Among the entries below, the lines from the one with "Product Image 5" up to and including the one with "Kobieta Kończąca Manicure" are to be restated exactly, without pictures.

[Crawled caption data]

"""

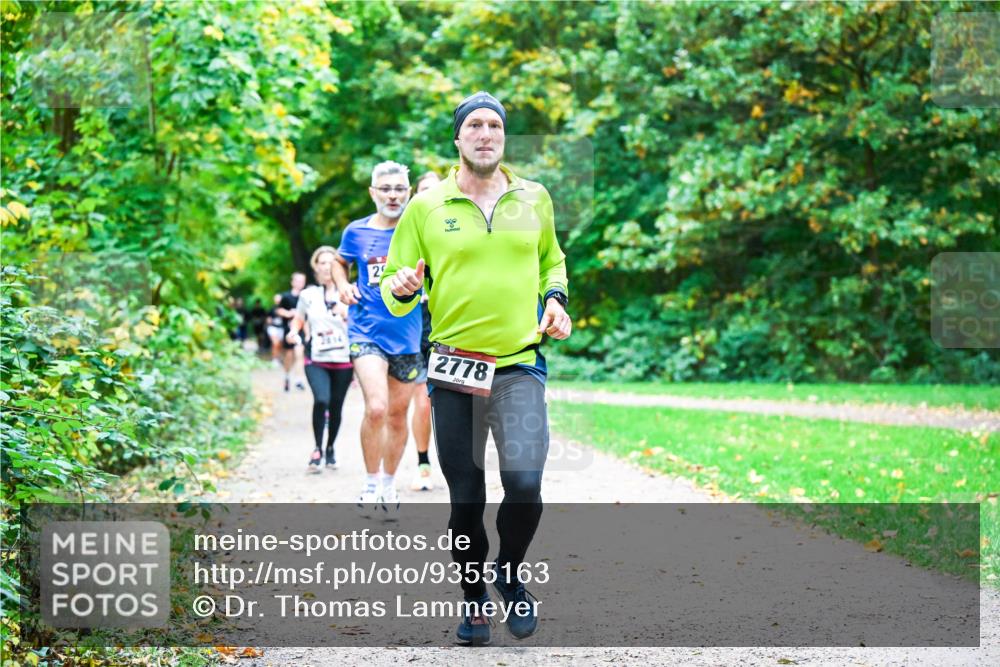 12.10.2025 - Bramfelder Halbmarathon 2025 Dr. Thomas Lammeyer http://msf.ph/oto/9355163 12.10.2025 10:52:52 Laufen 2778 meine-sportfotos.de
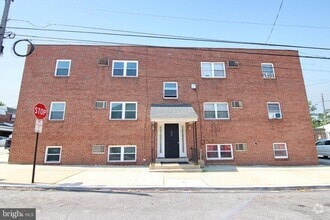 Building Photo - 304 Sixth St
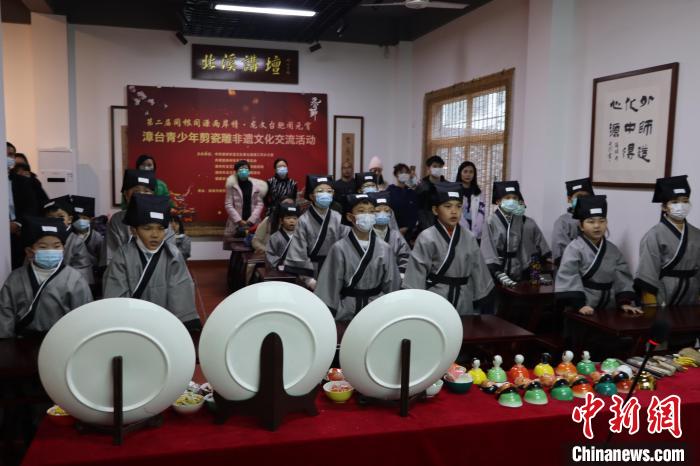 漳臺(tái)青少年們認(rèn)真聆聽剪瓷雕歷史文化背景?！「＝ㄊ」咆任幕芯繒?huì)供圖
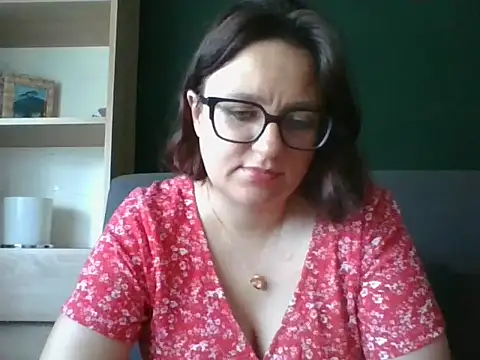 sensual paris online show from 06/25/26, 05:23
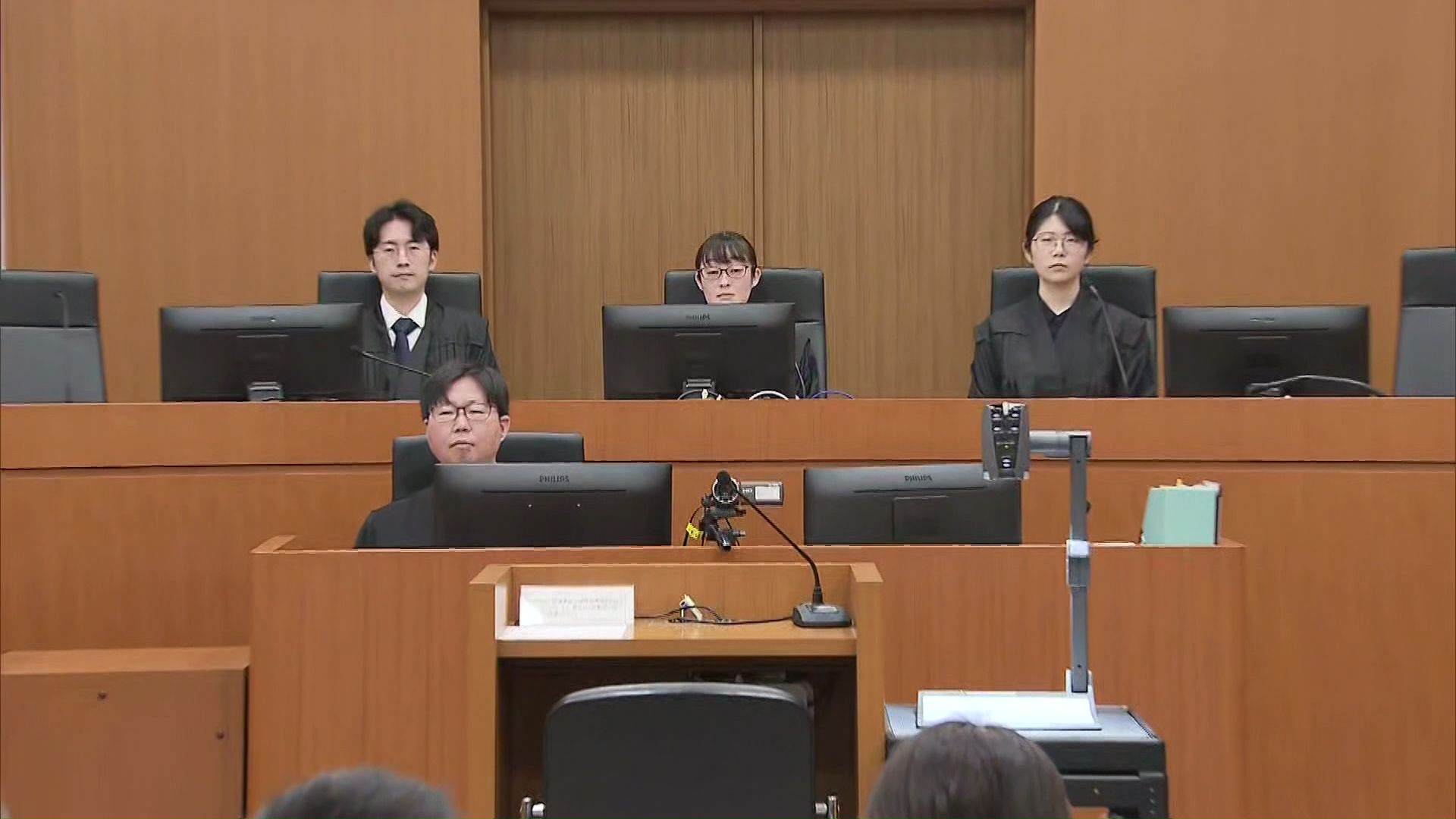 6月4日の裁判で、内田被告は遺族席にむけ頭を下げた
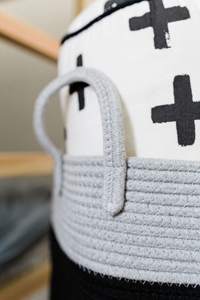 ตะกร้าผ้าห่มสีเทาและสีขาวสำหรับห้องนั่งเล่น ตะกร้าสานขนาดใหญ่สำหรับเก็บของ ตะกร้าเชือกฝ้ายมีหูหิ้ว - Product Image 5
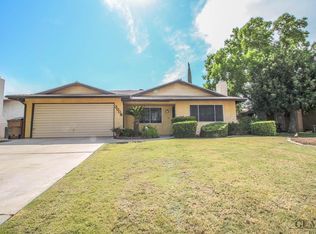 3008 Oak Tree Ave, Bakersfield, CA 93306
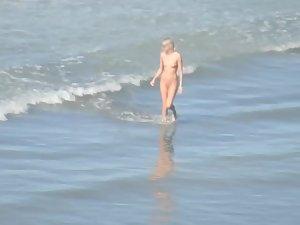 Fit nudist girl caused an erection Picture 8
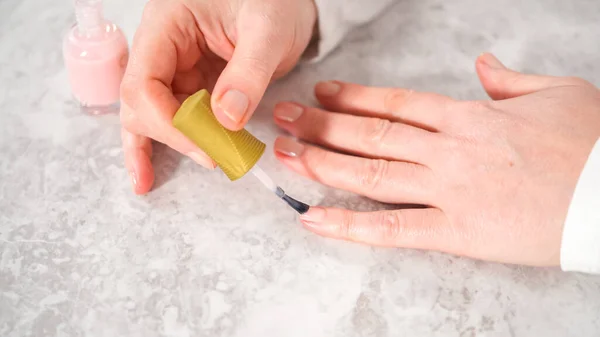 Kobieta Kończąca Manicure Domu Prostymi Narzędziami Manicure Malowanie Paznokci Lakierem — Zdjęcie stockowe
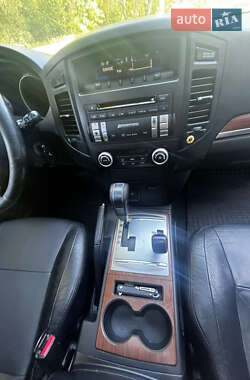 Позашляховик / Кросовер Mitsubishi Pajero Wagon 2007 в 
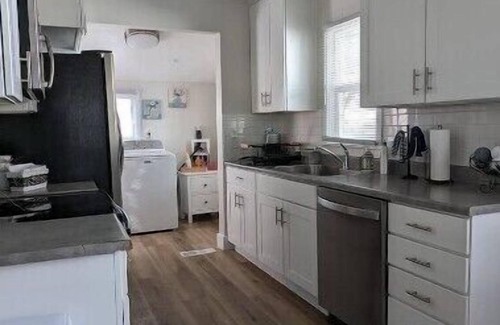 Murray House | Quaint Murray Home in central valley, near mountains & IMC Hospital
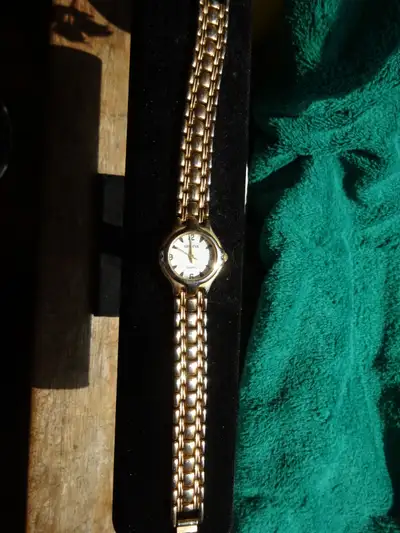 Montre femme Genèva vintage, View more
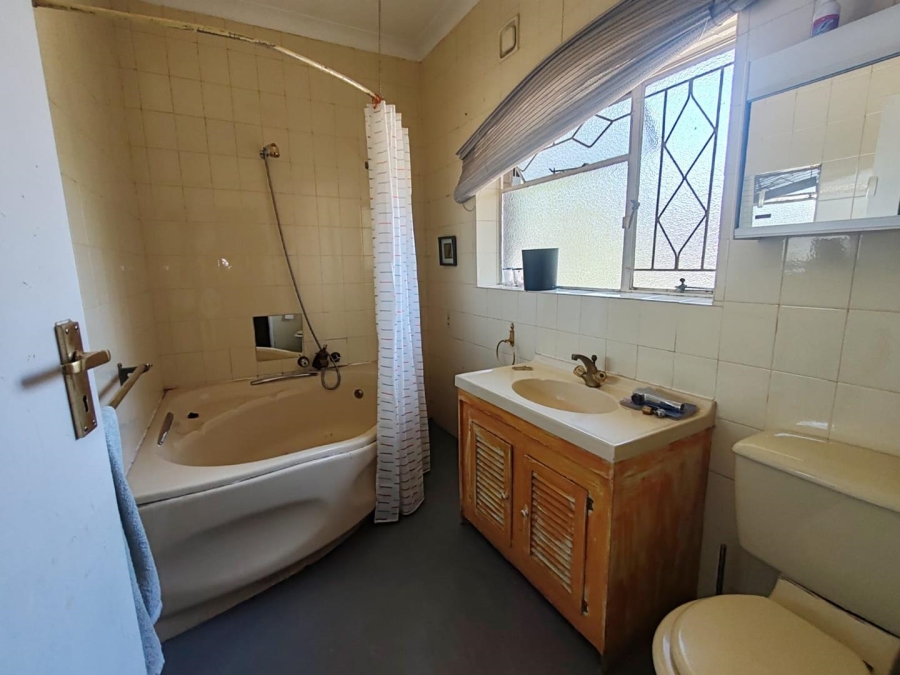 4 Bedroom Property for Sale in Farrarmere Gauteng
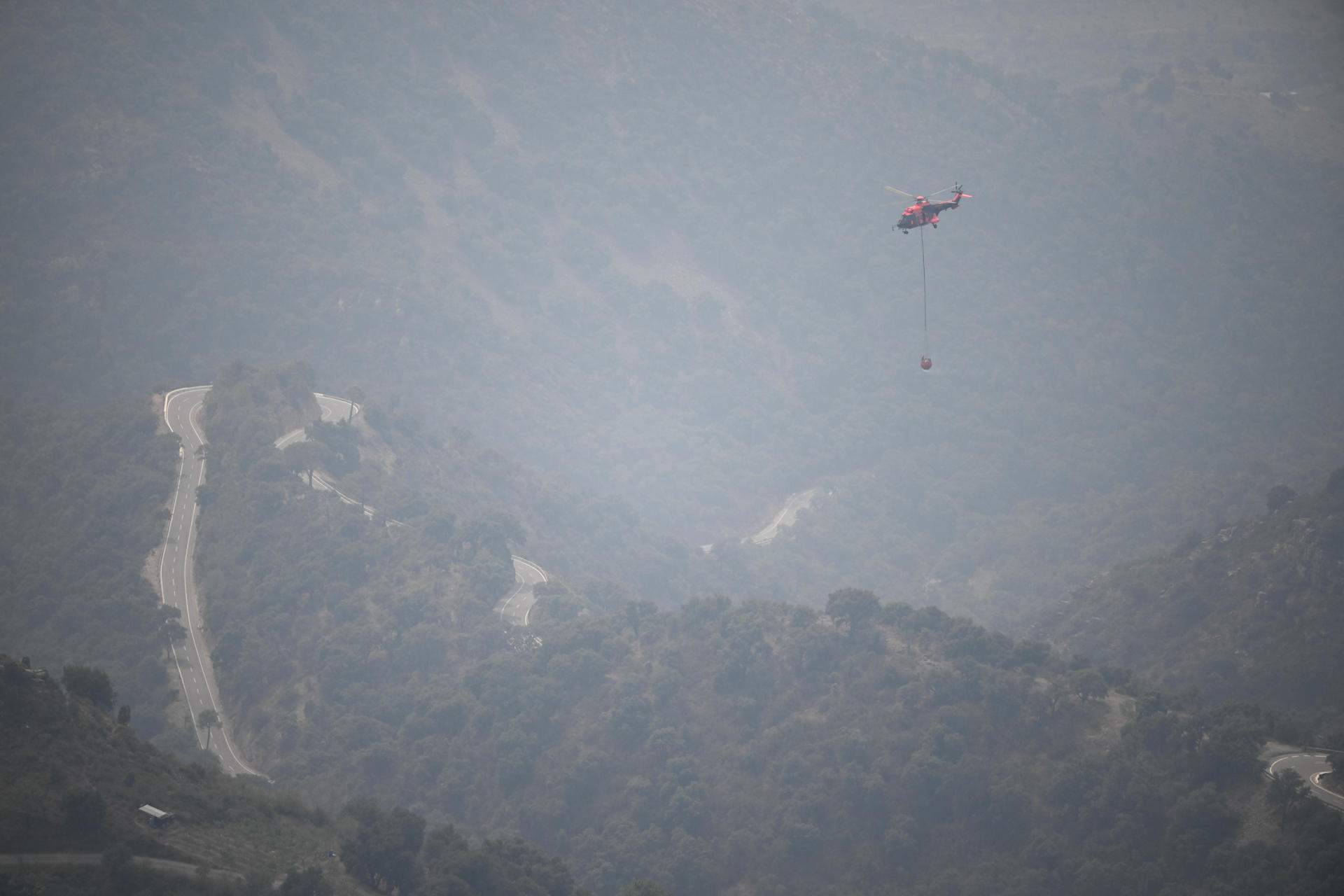Angoixa a la Vall d'Uixó per l'incendi sense control: ja ha cremat 7.200 hectàrees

"""

# Task answer
 ตะกร้าผ้าห่มสีเทาและสีขาวสำหรับห้องนั่งเล่น ตะกร้าสานขนาดใหญ่สำหรับเก็บของ ตะกร้าเชือกฝ้ายมีหูหิ้ว - Product Image 5
 3008 Oak Tree Ave, Bakersfield, CA 93306
 Fit nudist girl caused an erection Picture 8
 Kobieta Kończąca Manicure Domu Prostymi Narzędziami Manicure Malowanie Paznokci Lakierem — Zdjęcie stockowe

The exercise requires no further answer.